Bringing President Donald Trump’s notion of government as corporate enterprise to fruition, the White House on Monday announced that Trump’s son-in-law Jared Kushner will be leading a sweeping government overhaul, leaning on business leaders to solve pressing national issues while looking to privatize key government functions.
Trump and Kushner confirmed the move to the Washington Post, which described the new White House Office of American Innovation as a “SWAT team” of professionals with “little-to-no political experience” that will “help find efficiencies” within the federal government, while also reaching out to the private sector to determine what functions could be privately outsourced.
“We should have excellence in government,” Kusher told the Post. “The government should be run like a great American company. Our hope is that we can achieve successes and efficiencies for our customers, who are the citizens.”
The news that Kushner, the real estate heir married to Ivanka Trump, would be leading this enterprise prompted accusations of nepotism and kleptocracy. As many pointed out, Kushner has continued to amass power within the Trump administration, despite the fact that he has never held elected office nor has he been reviewed by the Senate for potential ethics violations.

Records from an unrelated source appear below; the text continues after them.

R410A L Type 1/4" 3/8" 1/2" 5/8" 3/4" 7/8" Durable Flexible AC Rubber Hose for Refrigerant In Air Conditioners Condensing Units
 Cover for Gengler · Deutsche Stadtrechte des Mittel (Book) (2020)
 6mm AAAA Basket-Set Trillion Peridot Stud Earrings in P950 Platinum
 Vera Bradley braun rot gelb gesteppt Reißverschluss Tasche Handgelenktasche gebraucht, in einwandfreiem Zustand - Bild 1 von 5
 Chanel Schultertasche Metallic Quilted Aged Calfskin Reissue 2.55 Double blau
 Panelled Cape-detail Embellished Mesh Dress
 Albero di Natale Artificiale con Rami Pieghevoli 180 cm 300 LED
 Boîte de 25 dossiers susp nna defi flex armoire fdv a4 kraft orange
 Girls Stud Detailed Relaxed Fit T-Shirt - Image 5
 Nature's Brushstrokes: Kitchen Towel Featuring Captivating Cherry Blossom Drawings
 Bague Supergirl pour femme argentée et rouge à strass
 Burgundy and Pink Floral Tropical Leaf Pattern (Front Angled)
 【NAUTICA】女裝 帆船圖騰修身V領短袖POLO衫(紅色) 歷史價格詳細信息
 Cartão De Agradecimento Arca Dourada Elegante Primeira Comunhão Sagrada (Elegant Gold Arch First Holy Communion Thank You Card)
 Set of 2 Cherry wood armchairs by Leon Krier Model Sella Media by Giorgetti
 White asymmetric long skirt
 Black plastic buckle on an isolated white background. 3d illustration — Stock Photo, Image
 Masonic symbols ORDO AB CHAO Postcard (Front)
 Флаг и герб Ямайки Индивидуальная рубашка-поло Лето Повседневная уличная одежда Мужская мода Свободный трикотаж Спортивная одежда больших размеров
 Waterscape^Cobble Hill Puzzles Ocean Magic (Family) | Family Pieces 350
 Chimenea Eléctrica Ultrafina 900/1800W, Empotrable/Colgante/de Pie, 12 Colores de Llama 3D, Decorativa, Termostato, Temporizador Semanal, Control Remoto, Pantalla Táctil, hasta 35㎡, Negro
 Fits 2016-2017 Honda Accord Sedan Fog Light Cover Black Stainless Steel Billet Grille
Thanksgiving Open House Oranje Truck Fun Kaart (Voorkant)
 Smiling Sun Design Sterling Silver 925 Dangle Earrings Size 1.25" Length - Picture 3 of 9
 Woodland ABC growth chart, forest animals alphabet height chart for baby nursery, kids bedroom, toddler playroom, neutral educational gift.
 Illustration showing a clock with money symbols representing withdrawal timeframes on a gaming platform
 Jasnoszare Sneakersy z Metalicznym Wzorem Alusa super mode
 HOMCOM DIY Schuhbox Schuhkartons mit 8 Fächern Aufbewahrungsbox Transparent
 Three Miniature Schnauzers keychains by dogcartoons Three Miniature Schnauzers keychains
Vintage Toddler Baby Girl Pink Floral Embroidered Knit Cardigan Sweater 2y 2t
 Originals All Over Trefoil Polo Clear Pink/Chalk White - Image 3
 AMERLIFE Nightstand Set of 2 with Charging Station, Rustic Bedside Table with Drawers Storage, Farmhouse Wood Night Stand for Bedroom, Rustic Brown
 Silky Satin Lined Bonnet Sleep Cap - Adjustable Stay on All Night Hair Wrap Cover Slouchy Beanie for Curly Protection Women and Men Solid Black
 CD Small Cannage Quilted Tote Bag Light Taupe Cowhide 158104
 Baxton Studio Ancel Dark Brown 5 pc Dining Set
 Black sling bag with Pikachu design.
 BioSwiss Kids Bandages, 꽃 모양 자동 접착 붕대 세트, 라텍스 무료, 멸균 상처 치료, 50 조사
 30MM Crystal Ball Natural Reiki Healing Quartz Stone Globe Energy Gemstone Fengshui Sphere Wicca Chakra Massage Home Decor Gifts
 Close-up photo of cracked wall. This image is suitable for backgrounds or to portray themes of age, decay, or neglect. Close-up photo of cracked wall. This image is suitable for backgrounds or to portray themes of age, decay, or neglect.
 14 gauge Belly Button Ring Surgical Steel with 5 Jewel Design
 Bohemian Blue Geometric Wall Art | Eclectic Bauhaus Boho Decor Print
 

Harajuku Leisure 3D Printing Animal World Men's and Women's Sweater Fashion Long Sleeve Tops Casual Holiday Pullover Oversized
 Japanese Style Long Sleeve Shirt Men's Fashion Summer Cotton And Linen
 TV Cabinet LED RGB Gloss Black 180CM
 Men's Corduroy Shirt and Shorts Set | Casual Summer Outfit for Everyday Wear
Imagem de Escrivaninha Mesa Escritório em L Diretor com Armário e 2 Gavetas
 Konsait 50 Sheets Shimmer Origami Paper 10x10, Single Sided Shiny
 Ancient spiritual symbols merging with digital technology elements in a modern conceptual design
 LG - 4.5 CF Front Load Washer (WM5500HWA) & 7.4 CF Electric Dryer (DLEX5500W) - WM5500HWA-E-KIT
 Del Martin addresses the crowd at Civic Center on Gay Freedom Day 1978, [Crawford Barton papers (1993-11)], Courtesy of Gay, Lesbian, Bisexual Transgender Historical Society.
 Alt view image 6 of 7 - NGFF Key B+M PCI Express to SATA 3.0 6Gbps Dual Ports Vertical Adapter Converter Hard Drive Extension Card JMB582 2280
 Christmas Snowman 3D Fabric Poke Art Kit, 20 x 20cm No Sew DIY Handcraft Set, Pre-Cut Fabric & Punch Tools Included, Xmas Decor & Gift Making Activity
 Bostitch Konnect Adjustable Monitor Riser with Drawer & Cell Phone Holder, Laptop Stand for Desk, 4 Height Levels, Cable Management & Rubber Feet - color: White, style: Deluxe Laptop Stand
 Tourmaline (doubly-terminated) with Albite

In a column titled, “Donald Trump plans to make Jared Kushner America’s unelected, unapproved, uncontrolled CEO,” Daily Kos columnist and author Mark Sumner observed that while Trump “is anxious to destroy existing offices and departments, he’s creating a brand new one, to be led by his 36-year-old son-in-law, a man who has never held elected office, never stood for Senate review, and who isn’t screened out by nepotism laws because…no one knows why.”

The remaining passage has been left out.